What follows is my January 14, 2013 Amazon.com review of Irene Ng’s latest book, Value and Worth: Creating New Markets in the Digital Economy. The review article was entitled: The Tao of Value Creation and Growth for Businesses in Our New Digital World.
Irene Ng’s lucid and accessible book, “Value and Worth: Creating New Markets in the Digital Economy,” is a remarkable accomplishment, a work that should not be overlooked (that is, it most certainly should be read!) by current and prospective business managers, leaders, and entrepreneurs in every economic sector.

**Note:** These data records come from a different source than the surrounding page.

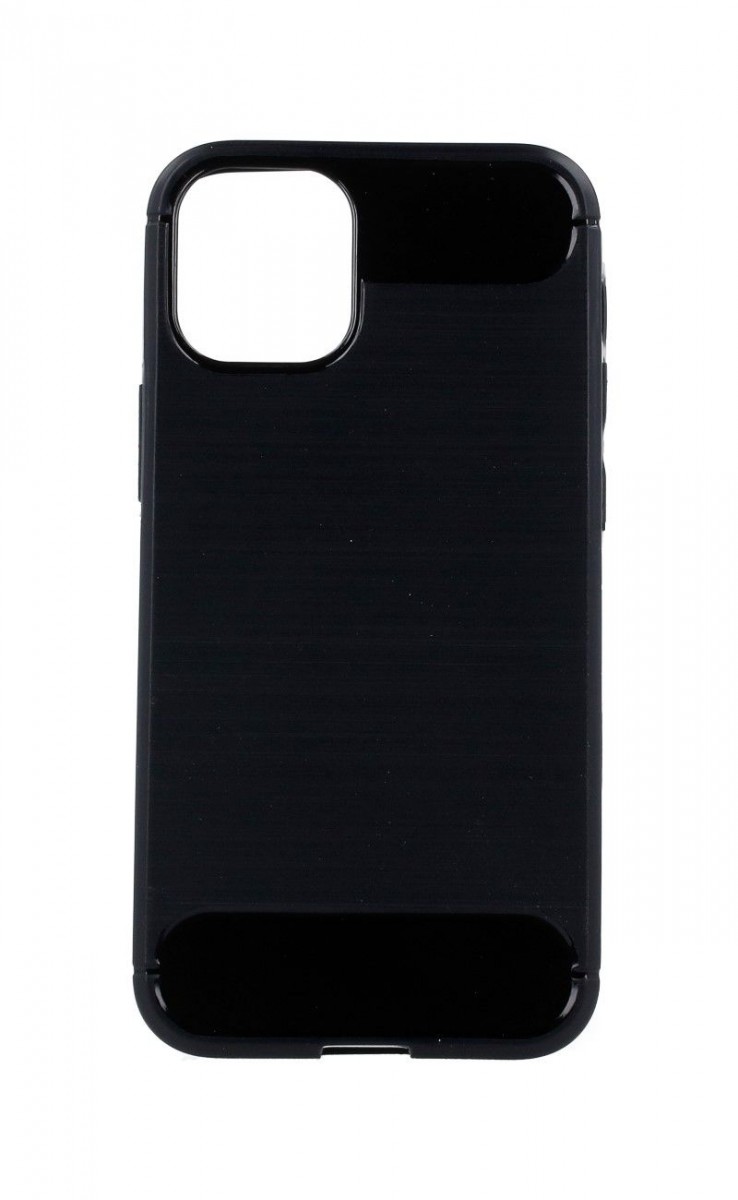 Kryt TopQ iPhone 12 Pro silikon černý 53534 (pouzdro neboli obal na mobil iPhone 12 Pro)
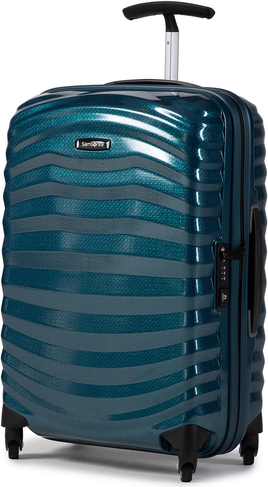 Niebieska walizka Samsonite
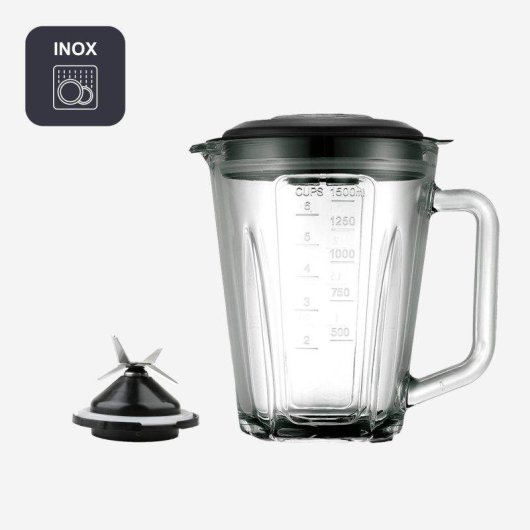 Batidora de Vaso Black & Decker 800W Jarra 1.5L 4 Cuchillas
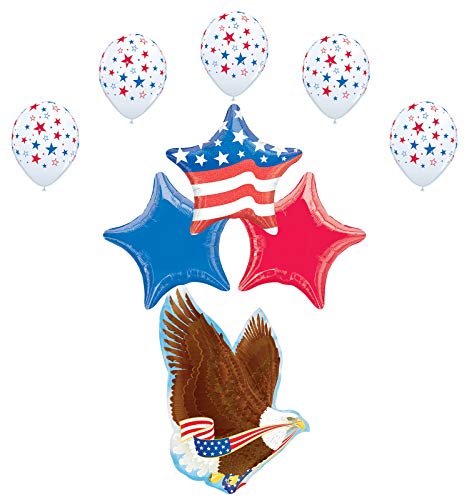 Mayflower Products Patriotic Party Supplies America 4th of July Eagle Stars and Stripes Balloon Bouquet Decorations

As national and world economies become more and more “digitized,” the opportunities/horizons for “business value creation” are expanding at a phenomenal rate. However, identifying and capitalizing on these new opportunities (i.e., new markets served by new business models) will be very difficult or impossible if we do not “update” our own “mental software” for construing and exploiting such opportunities. Ng’s book provides such an “upgrade path,” by taking us on an intellectual journey that leads us, as business people in the 21st century, to many new, useful vantage points that will significantly influence our business planning and practice.
The book is very extensive in its coverage and development of new ways of looking at value creation, markets and business models in an increasingly digitized world, so in this review it is only possible to illustrate that with a couple of examples.

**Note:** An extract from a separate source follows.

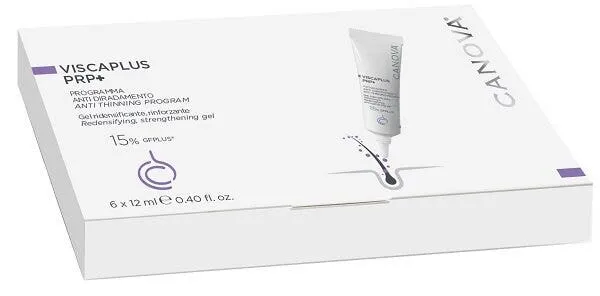 Canova Viscaplus PRP+ Anti Diradamento Capelli 6x12ml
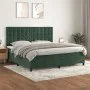Boxspringbett mit dunkelgrüner Samtmatratze 200x200 cm von , Betten und Lattenroste - Ref: Foro24-3143286, Preis: 695,65 €, R...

Ng explicates her own perspective on the concept of “value” vs. the concept of “worth” as foundational to all her other analysis and commentary on business in a digitized world. “Value” is that which is beneficially realized by people or organizations as “use” [of something] in one or many specific contexts (for example, I use and benefit from my mobile phone and phone service while driving home from work, in an emergency situation, etc.). “Worth,” on the other hand, is what is assessed in the act of exchange (purchase, barter, et al), most often within a market (for example, I will pay $300 for the ownership of a mobile phone and the use of the mobile communications network service). By drawing this dichotomy of “value” and “worth,” Ng clarifies the somewhat elusive concept of “value co-created in context” from the more visible concept of entering into an “exchange relationship or transaction.” While exchange relationships/transactions have undergone significant digitization over the past few decades (credit cards, electronic payments, new payment or exchange methods (PayPal, eBay, etc.), the digitization of the world of individuals and organizations using their own “agency” and “resources at hand” (including products and service they have purchased) to “co-create” “value in context” is only starting to get underway. CIT (communications and information technology), mobile platforms, and social networks and media are among the world-wide developments that are opening up the possibility to discover and create new value (in context) and additional amounts and forms of worth (in exchange)that were not possible pre-digital.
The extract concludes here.